I went back and forth about this prompt and how to photography it. My daughter DJ was like “take a photo of the dancing lady and your hops – that show friendship as the hops wrap around her for support – and she is happy to give it – and all.” I had taken a few other photos – then did her suggestion. Why not, I mean, I could not capture anything else.
Fuck.
How sad is that?
A couple of weeks ago, I captured the rugby guys in a moment where they epitomized friendship. I could have used that and no one would know.
I have picts of the dogs getting along as friends.
I have picts of the cats (before they died) getting along as friends.

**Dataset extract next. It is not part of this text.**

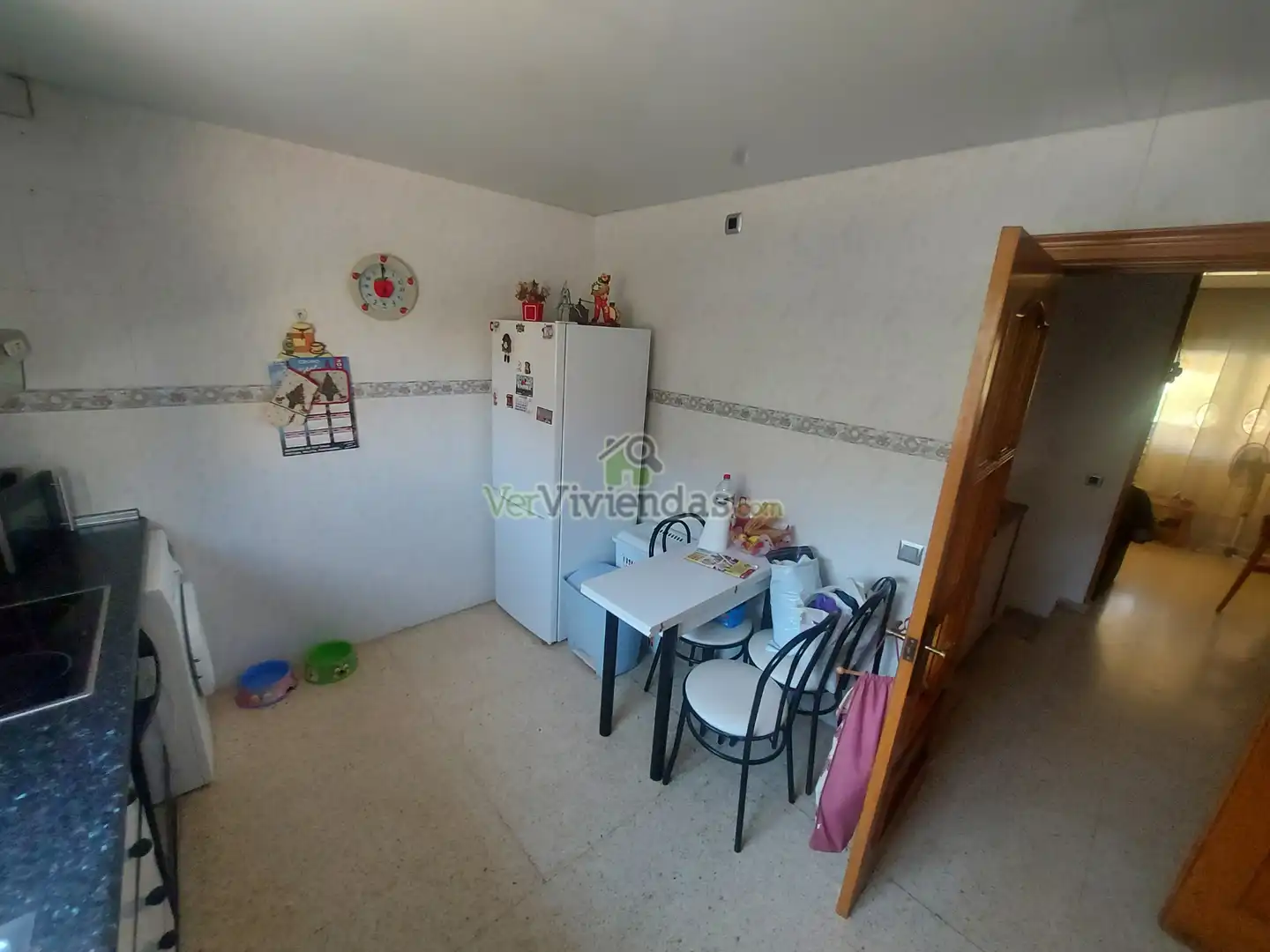 Casa adosada en venda a Carrer Josep Pla, 8, Abrera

But true friendship…..it alluded me.
Reality is – I have few friends. A few of you really can include yourself in that group and without my objections. To have friends is to be vulnerable and honest and true – and I was raised to be honest and true and strong (aka not vulnerable). For the few I have met that have led me to “drop my wall” – they have seen and appreciated who I am. That person is hard to be because there is too much risk – too much vulnerability. I feel like a cat showing it’s belly. I want it scritched but don’t because that is a risk I’m scared to take. So, I bite.
Maybe what doesn’t help is the election results tonight. I will never claim to be “with her” but I know for sure I will never be “with him”. If making America great again means losing my rights and losing my influence, well, fuck that shit. I will not go quietly into that night – and for those who do, well, fuck you too.
So, I don’t know what I’m grateful for tonight.
For friends who feel the same way?
I guess.
I guess what I am sad for is having a friend to make me feel like it will be OK. Cause I don’t feel like itwill be. For me. Or for my girls.
Hard to feel grateful when feeling like I may have failed them.